Tesco Drops After Morgan Stanley Downgrades Stock: London Mover

Tesco Plc (TSCO), the U.K.’s biggest supermarket company, fell in London trading after Morgan Stanley cast doubt on the retailer’s ability to revive earnings growth and cut its recommendation on the shares to “underweight.”

Tesco will struggle to improve profitability in its domestic market over the next three years because of investment that’s needed in areas such as staffing, private-label goods and store ambience, Morgan Stanley analysts led by Edouard Aubin wrote in a note released after markets closed yesterday.

The shares dropped as much as 1.1 percent, extending yesterday’s 2.6 percent decline. They were down 0.3 percent at 327.25 pence as of 8:43 a.m., the fourth-biggest drop in the U.K. benchmark FTSE 100 Index (UKX) and the fourth day of declines.
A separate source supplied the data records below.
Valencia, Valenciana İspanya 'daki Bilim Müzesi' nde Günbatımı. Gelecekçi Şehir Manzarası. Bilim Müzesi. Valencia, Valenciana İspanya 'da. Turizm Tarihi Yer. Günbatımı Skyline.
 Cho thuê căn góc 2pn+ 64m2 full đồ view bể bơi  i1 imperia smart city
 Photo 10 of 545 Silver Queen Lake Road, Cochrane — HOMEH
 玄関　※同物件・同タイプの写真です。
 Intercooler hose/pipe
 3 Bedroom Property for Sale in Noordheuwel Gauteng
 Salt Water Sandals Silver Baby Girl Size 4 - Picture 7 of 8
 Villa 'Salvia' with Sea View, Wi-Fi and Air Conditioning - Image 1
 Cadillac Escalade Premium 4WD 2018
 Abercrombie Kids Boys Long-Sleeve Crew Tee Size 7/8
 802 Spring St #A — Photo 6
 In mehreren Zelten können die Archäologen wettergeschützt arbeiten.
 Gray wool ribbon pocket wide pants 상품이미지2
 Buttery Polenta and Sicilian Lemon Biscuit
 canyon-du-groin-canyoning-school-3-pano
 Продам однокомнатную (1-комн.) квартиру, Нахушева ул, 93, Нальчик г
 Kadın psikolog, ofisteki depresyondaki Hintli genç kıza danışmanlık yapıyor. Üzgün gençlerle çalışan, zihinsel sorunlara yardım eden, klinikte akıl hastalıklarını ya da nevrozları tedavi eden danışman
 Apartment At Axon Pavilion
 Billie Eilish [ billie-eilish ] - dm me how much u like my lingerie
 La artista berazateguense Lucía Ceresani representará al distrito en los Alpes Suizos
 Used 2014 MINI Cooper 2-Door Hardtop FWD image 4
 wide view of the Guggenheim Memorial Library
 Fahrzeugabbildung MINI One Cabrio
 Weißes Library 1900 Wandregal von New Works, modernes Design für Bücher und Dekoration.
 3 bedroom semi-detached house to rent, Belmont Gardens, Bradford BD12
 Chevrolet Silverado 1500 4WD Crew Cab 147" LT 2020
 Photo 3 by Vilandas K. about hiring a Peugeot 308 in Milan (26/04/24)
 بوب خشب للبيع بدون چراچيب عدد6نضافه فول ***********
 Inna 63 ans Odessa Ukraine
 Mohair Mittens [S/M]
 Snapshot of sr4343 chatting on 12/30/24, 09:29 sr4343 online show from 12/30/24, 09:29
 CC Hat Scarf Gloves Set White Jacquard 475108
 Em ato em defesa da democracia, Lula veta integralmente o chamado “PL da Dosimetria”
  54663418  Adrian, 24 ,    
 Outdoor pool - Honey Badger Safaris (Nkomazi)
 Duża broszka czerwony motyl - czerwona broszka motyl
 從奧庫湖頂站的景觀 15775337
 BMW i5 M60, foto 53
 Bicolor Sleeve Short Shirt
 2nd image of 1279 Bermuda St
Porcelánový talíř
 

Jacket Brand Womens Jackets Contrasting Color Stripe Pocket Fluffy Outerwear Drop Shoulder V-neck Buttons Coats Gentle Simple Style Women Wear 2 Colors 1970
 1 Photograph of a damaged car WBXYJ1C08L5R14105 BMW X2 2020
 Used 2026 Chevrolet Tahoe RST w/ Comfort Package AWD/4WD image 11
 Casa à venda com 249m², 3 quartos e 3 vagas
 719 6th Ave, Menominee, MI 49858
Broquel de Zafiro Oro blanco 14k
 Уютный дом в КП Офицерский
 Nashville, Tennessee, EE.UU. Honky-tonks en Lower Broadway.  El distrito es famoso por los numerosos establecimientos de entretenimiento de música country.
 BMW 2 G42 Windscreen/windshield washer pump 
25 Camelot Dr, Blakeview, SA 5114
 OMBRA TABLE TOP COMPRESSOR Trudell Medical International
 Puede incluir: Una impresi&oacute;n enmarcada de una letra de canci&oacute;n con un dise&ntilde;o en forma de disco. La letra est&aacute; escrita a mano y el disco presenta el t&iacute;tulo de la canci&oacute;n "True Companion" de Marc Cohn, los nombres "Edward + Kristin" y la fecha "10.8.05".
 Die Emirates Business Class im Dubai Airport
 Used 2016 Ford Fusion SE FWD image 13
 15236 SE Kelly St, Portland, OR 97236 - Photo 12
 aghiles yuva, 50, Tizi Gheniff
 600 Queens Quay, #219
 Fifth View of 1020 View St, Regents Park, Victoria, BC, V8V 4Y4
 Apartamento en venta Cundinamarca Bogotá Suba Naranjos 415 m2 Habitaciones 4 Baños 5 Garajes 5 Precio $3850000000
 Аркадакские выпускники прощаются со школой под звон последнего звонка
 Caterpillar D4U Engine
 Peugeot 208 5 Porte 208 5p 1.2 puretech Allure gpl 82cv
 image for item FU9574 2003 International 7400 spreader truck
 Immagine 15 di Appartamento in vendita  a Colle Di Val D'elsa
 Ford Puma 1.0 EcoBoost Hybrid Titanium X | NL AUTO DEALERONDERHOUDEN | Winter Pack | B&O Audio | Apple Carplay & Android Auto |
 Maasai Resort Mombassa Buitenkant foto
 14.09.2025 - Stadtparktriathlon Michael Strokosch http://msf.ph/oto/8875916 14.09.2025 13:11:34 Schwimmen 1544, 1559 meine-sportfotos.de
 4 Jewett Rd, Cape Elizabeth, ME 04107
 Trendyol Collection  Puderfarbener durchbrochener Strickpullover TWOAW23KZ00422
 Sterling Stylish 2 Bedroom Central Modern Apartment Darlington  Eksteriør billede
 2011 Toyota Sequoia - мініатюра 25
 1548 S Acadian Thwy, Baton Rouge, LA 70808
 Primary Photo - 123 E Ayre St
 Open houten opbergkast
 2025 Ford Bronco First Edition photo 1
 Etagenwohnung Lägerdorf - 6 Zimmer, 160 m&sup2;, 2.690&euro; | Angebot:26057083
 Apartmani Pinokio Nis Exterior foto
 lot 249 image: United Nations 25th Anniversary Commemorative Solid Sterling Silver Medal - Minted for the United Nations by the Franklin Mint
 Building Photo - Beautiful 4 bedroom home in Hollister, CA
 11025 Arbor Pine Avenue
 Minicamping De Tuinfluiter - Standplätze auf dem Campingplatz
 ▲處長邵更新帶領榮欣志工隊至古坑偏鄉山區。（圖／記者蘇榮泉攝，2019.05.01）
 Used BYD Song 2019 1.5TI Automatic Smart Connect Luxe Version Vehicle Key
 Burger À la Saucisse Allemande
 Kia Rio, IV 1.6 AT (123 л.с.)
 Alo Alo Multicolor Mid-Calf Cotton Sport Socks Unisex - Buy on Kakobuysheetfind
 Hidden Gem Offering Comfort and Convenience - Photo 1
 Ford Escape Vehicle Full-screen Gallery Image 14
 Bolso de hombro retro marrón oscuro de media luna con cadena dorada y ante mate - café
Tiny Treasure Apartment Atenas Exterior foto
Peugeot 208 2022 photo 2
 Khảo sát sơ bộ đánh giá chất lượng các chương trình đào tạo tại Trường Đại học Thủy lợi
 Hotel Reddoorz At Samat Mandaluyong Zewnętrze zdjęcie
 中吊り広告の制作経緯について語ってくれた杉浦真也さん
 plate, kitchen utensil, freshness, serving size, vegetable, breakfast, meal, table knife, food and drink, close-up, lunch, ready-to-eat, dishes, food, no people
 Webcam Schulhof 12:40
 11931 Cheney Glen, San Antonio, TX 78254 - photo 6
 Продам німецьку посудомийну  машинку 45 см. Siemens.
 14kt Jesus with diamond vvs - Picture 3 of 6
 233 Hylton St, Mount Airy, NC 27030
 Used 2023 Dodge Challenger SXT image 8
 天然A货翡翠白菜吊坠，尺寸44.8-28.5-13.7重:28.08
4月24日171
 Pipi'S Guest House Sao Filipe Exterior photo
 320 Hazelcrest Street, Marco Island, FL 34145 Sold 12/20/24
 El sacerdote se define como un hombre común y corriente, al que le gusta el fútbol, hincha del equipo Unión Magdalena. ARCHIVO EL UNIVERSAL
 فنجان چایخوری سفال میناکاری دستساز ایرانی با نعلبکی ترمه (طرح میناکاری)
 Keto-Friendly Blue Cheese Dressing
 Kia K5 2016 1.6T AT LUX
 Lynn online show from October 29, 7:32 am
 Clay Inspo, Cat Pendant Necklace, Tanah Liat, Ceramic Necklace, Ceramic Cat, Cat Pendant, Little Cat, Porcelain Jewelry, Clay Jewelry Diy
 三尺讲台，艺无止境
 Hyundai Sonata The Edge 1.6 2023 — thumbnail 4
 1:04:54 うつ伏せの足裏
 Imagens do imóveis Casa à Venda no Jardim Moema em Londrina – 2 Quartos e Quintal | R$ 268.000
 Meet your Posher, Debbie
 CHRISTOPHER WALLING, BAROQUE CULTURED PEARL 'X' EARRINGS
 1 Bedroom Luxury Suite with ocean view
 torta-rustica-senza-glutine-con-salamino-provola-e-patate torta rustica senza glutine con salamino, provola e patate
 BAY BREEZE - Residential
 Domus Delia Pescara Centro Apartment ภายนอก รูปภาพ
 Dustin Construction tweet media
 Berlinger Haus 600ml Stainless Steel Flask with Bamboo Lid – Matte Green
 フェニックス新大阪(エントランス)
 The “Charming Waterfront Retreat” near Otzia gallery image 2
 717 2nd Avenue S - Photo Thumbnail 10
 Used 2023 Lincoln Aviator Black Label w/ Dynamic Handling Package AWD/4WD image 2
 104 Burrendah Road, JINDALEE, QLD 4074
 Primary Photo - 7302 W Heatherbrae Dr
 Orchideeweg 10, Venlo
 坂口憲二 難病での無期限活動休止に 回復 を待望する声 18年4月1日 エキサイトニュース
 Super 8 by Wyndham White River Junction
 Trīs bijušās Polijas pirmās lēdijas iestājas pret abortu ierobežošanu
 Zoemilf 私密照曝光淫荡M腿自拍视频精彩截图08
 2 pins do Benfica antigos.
Having cut spending over the last five years to protect earnings, the retailer now requires a “reset” of its U.K. business, without which it will continue to lag behind competitors, the analyst wrote.

“Until it is prepared to take short-term pain for long- term gain, we think it will underperform,” Aubin wrote. “We believe a true reset is unlikely any time soon.”

Tesco, which is based in Cheshunt, England, introduced coupons and promotions on fuel and vowed to boost spending on customer service after saying in January that slowing sales growth at home would lead to “minimal” profit increases in the year through February 2013. Shoppers have decamped to both upscale chains such as Waitrose Ltd. and discounters including Iceland Foods Ltd. and Aldi. Bigger competitors Wal-Mart Stores Inc. (WMT)’s Asda and J Sainsbury have also gained market share.

Tesco has been downgraded at least 10 times since shares slumped 16 percent on Jan. 12. There are currently 12 “buy” recommendations, 18 “holds” and five “sells” for a consensus rating of 3.43 out of 5, the lowest since 2009.